- WHAT THE EXERCISE ASKS
Retype exactly every line from the one that includes "Property Photo: 1" through the final line of the listing, both ends kept, and omit the pictures.
----------------
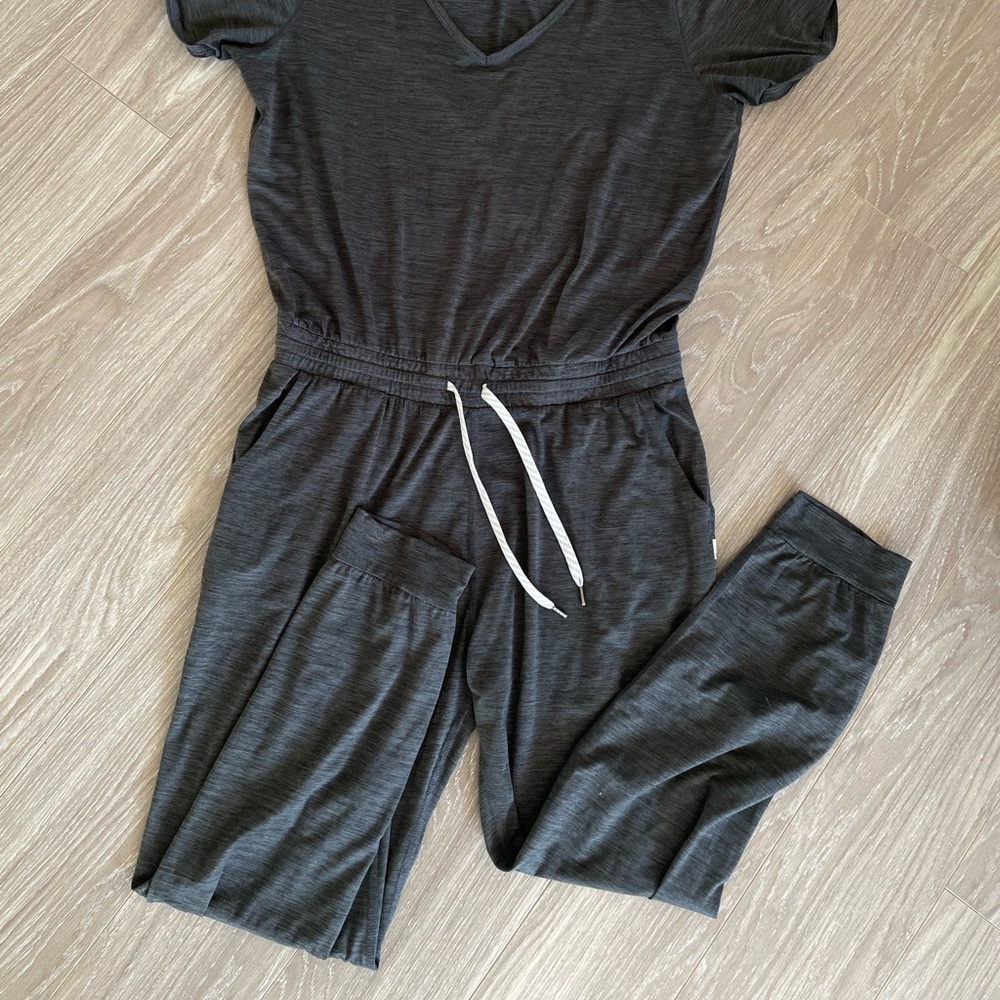 Vuori Women’s All Day Short Sleeve Jumpsuit Grey Sz XL EUC - Picture 3 of 9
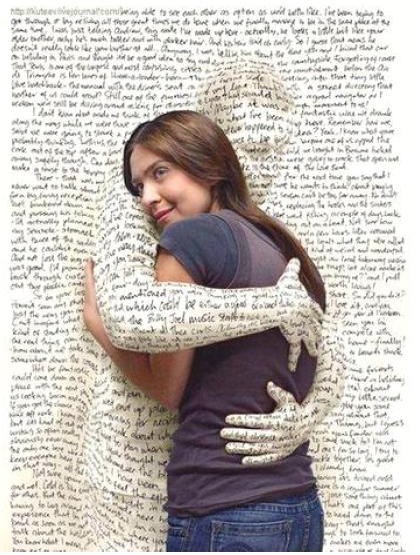 libro-abrazando-muchacha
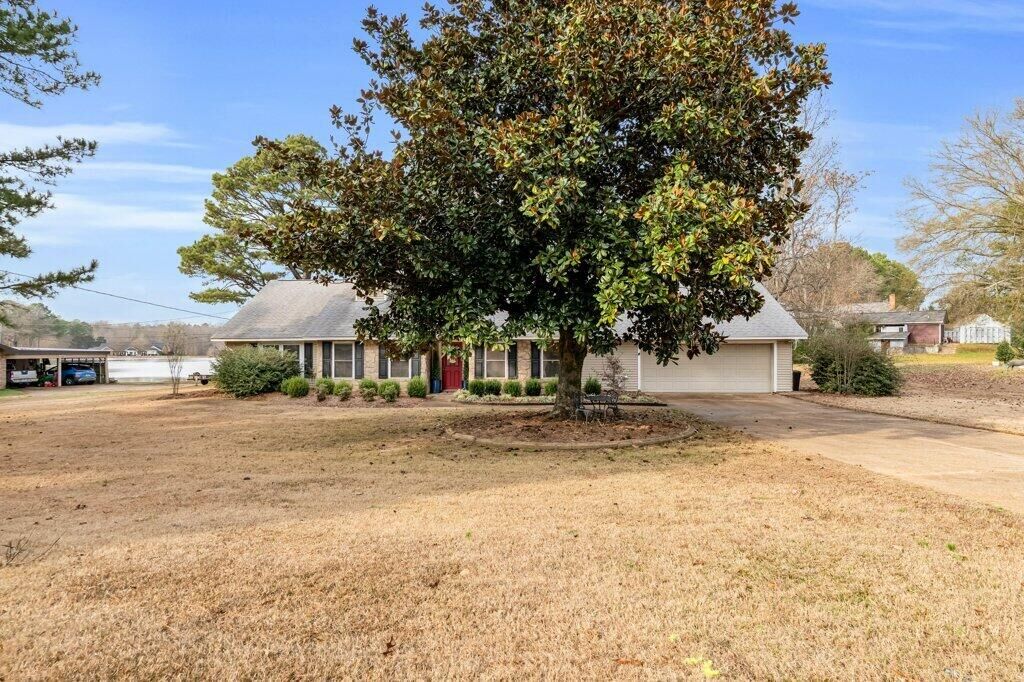 Property Photo:  102 W Williamsburg Dr  MS 39759 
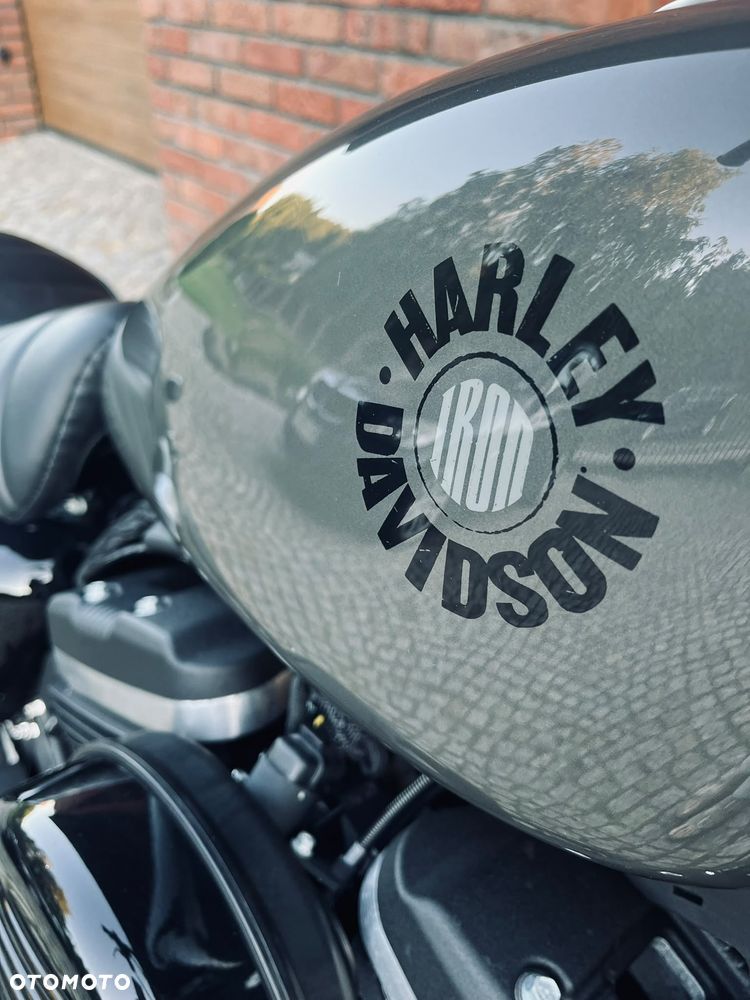 Harley-Davidson Sportster Iron 883 - 6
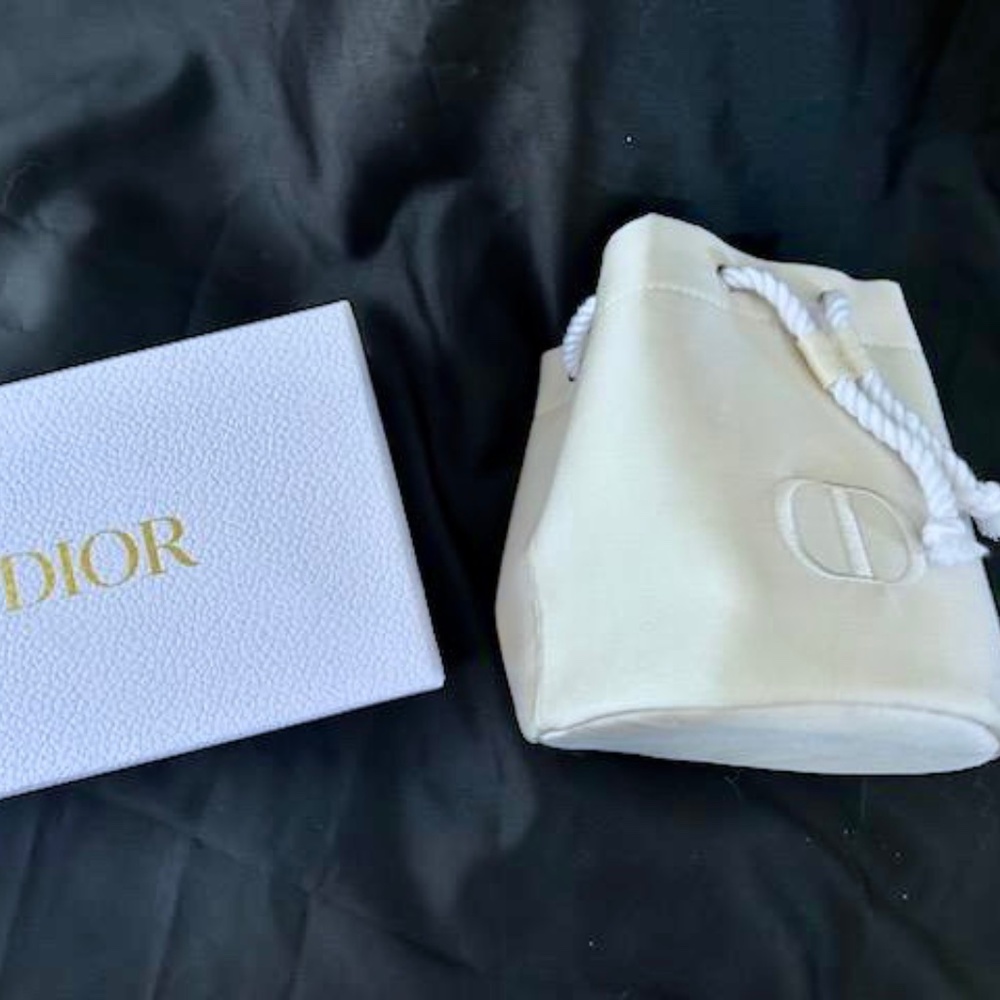 💲SALE💲 NWOT Christian Dior Drawstring Bag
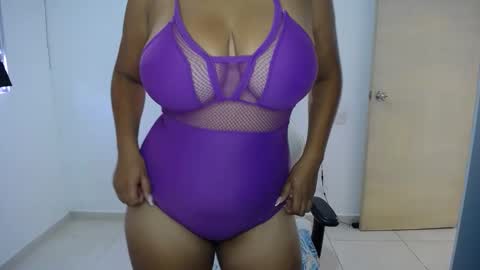 natalie_tits1 online show from January 14, 6:46 pm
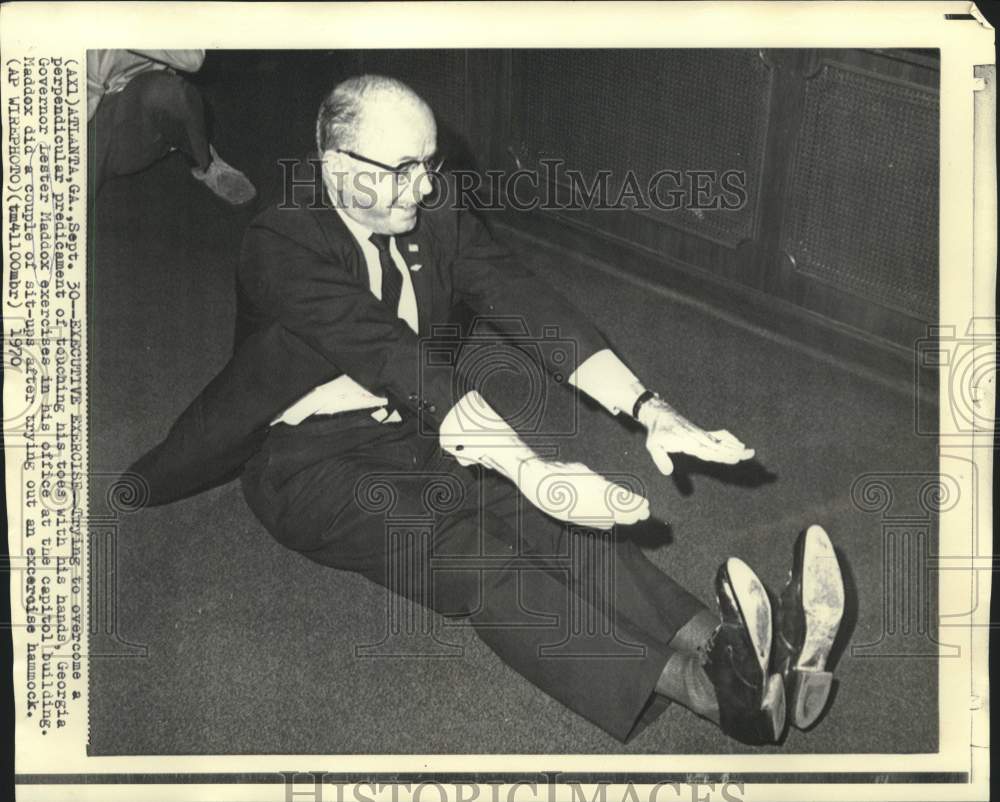 1970 Press Photo Georgia Governor Lester Maddox does sit-ups in Capitol office.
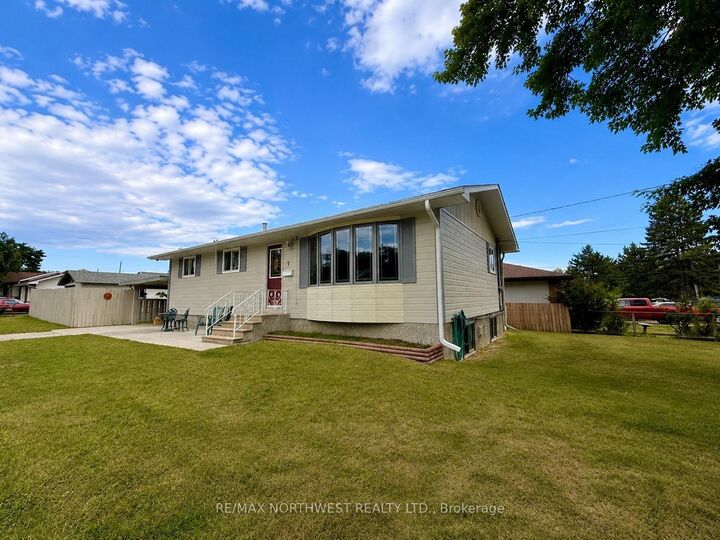 Property Photo: 1 Kirkpatrick Avenue ON P9N 4K5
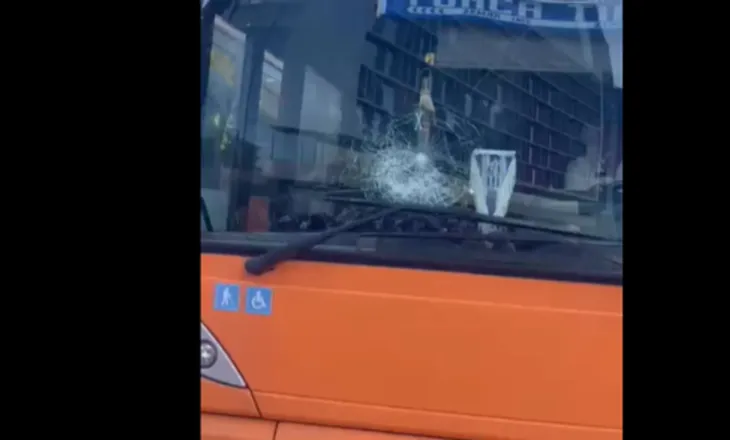 Protestuesit godasin me gurë autobusët, thyhen xhamat e tyre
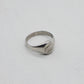 VINTAGE STERLING SILVER OVAL STRIPE TEXTURED SIGNET RING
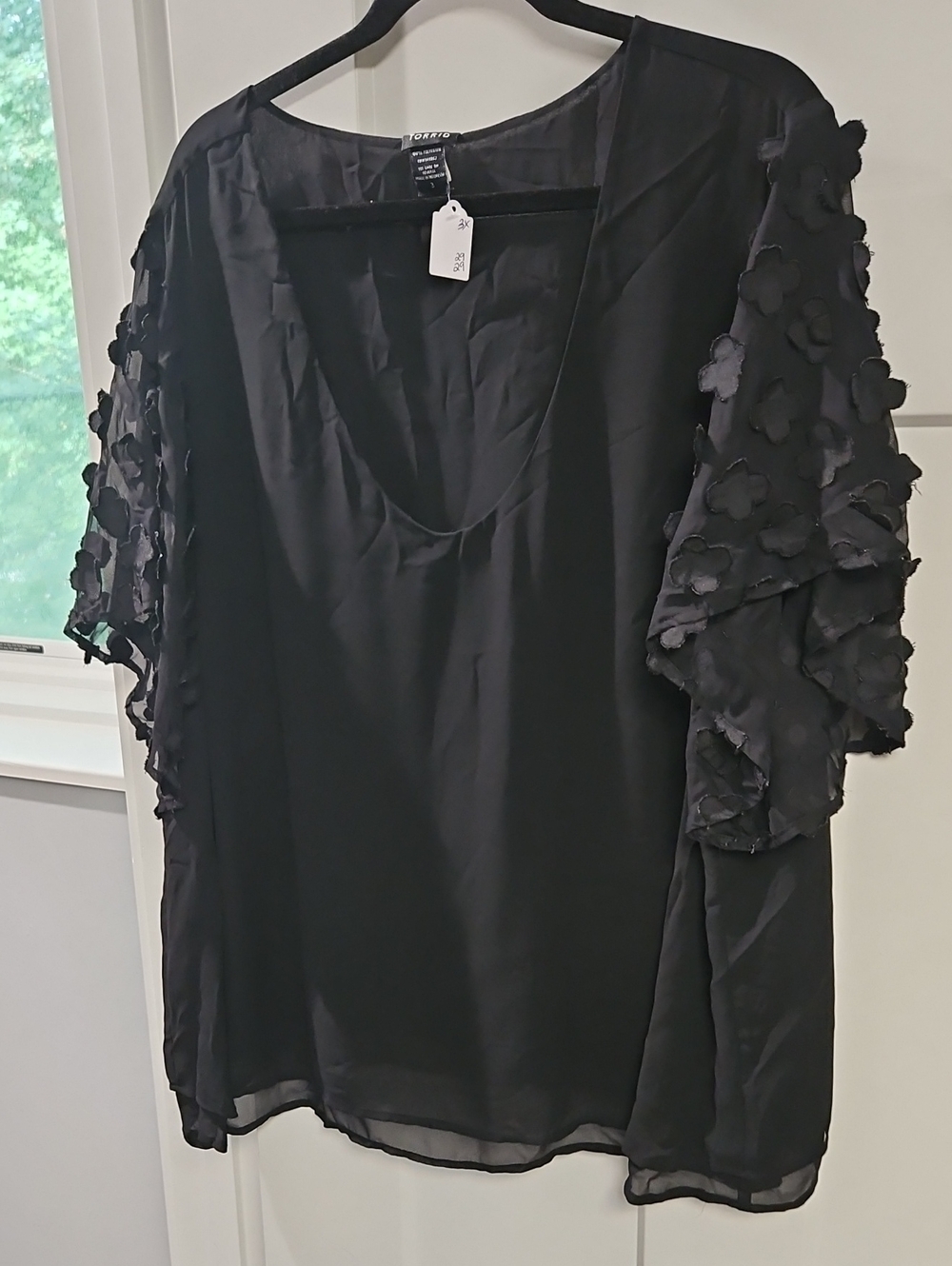 torrid Black Floral Applique Flutter Sleeve Blouse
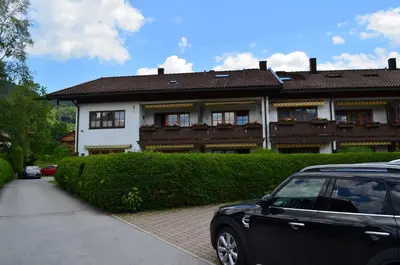 Das Gebäude in dem sich die Ferienwohnung befindet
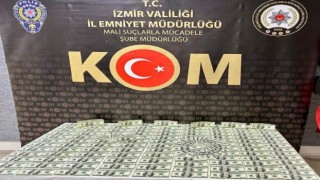 Kalpazanlar döviz bürosunda sahte dolarları piyasaya sürmek isterken yakalandı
----------------
- RESULT OF THE TASK
 Property Photo: 1 Kirkpatrick Avenue ON P9N 4K5
 Protestuesit godasin me gurë autobusët, thyhen xhamat e tyre
 VINTAGE STERLING SILVER OVAL STRIPE TEXTURED SIGNET RING
 torrid Black Floral Applique Flutter Sleeve Blouse
 Das Gebäude in dem sich die Ferienwohnung befindet
 Kalpazanlar döviz bürosunda sahte dolarları piyasaya sürmek isterken yakalandı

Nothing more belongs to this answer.